The goal is to reduce the problem of checking admissibility of a VP to a system-level verification problem (from the Model-Checking domain), where a VP plays the role of the system-under-verification, the possible scenarios play the role of the environment model and admissibility constraints play the role of safety/liveness properties.
== 3.2. General methods for generating complete cohorts of VPs ==
As outlined in Section 2.3, the problem of finding VPs for VPH models is central to enable ISCT. In particular, in our previous work [22, 23] we exploited statistical model-checking to generate cohorts of VPs. Those approaches however, although focussing on the same VPH model of our HPG axis case study, devise a model checking¿based algorithm specifically tuned against the model and propose admissibility constraints bounded to qualitative similarity of model trajectories. Also, they do not consider drugs PKPD.
In Pillar 1 we will advance the state of the art in generating cohorts of VPs by providing methods and software working on any (ODE-based) VPH model. This will be done by leveraging on the general admissibility constraint modelling methods mentioned earlier (which, differently from [22, 23], also take into account drugs PKPD and inter-scenario constraints) and on general-purpose massively-parallel intelligent search methods that guarantee completeness of the computed cohort (i.e., that it is large enough to adequately represent all relevant phenotypes), either with certainty or, if needed, with a given degree of statistical confidence.
Although ideally we also want the computed cohort to be minimal (i.e., not containing physiologically inadmissible phenotypes), achieving simultaneously both completeness and minimality is presently out of reach, because of the huge size of the parameter space of VPH models of practical relevance. Hence, by guaranteeing completeness (while also aiming for minimality, although with no guarantee), we place ourselves into a risk-conservative setting.
Stratification of the VPs in the computed cohort is also an important advancement, as it will allow ISCT to adaptively focus on specific phenotypes, also supporting prioritisation of patient sub-groups in follow-up in vivo clinical trials.

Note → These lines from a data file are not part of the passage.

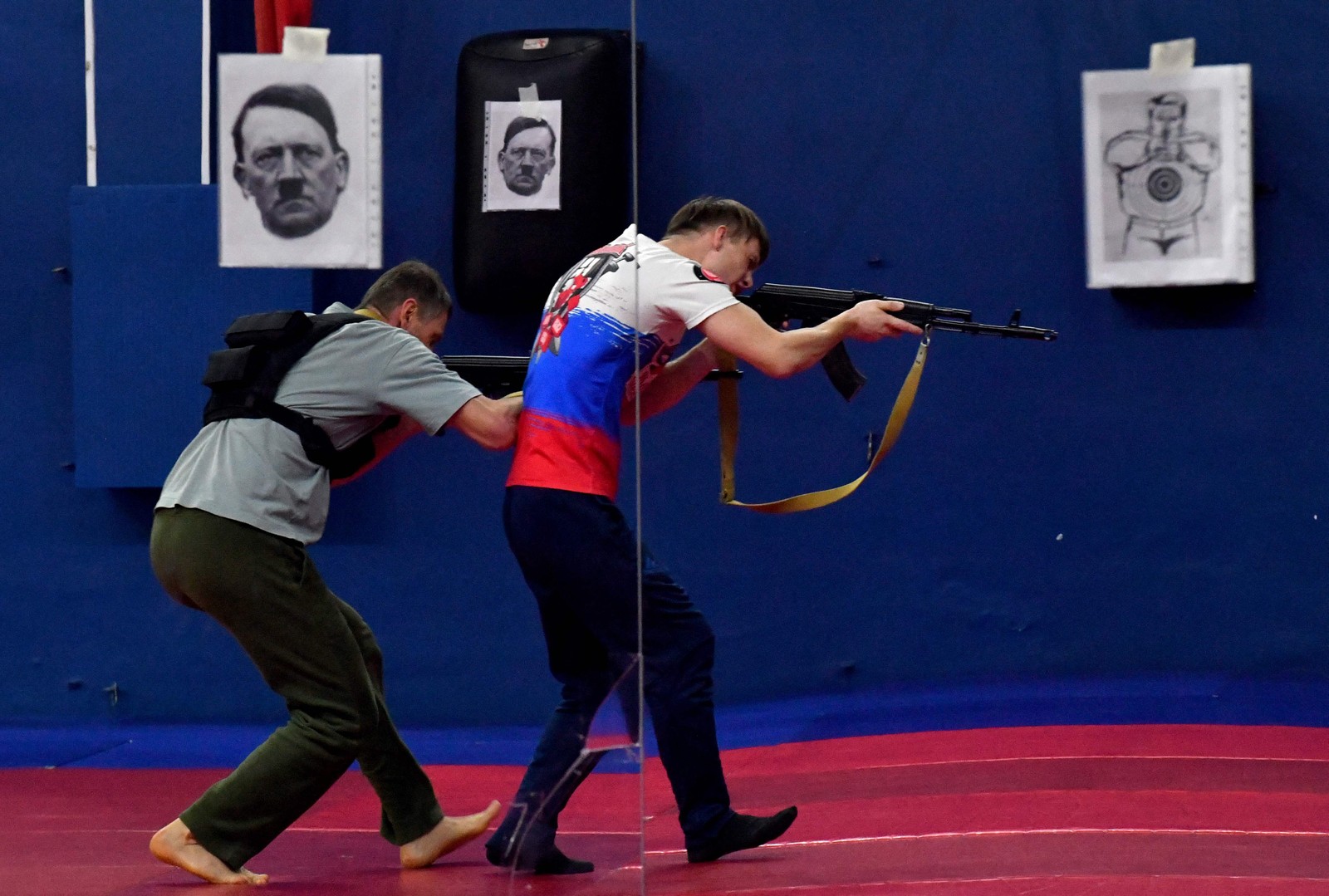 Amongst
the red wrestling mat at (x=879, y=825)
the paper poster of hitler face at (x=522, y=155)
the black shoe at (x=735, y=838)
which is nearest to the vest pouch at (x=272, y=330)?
the paper poster of hitler face at (x=522, y=155)

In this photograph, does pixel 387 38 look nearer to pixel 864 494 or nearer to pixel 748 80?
pixel 748 80

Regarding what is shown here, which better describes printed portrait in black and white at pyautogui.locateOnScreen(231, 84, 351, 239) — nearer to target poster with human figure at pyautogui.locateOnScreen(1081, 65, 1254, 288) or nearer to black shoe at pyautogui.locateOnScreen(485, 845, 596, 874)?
black shoe at pyautogui.locateOnScreen(485, 845, 596, 874)

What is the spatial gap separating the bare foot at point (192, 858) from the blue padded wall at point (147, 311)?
77 cm

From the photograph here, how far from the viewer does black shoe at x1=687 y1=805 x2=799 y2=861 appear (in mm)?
2727

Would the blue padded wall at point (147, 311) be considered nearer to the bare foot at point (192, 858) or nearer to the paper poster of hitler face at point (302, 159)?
the paper poster of hitler face at point (302, 159)

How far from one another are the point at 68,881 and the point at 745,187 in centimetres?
243

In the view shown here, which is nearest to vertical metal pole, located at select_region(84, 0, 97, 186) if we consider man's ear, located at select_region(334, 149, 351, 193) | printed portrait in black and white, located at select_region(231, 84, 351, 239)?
printed portrait in black and white, located at select_region(231, 84, 351, 239)

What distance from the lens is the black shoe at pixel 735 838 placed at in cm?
273

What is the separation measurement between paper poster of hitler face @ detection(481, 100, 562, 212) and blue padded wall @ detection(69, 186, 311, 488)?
1.64 ft

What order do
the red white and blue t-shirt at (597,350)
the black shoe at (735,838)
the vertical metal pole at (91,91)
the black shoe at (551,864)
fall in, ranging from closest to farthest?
1. the black shoe at (551,864)
2. the red white and blue t-shirt at (597,350)
3. the black shoe at (735,838)
4. the vertical metal pole at (91,91)

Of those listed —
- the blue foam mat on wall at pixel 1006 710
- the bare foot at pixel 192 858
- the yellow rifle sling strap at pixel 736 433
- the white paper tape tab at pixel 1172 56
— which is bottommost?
the blue foam mat on wall at pixel 1006 710

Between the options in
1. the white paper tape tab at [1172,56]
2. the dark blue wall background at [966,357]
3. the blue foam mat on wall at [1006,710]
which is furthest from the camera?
the white paper tape tab at [1172,56]

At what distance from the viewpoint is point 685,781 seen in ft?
8.93

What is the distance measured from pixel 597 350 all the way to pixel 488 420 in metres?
0.22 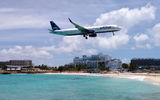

== 3.3. Classification of VPs according to measurable phenotype traits ==
Although several studies exist which characterise inter-individual variability within a population (see, e.g., [17], which combines Bayesian statistics with detailed mechanistic physiologically-based Physiologically Based PharmacoKinetic, PBPK, models), the problem of classifying a cohort of VPs according to measurable phenotype traits using clinical data is still open in the general case of VPH model (as ours) whose parameters are not directly measurable. This is the precisely the goal of Pillar 2.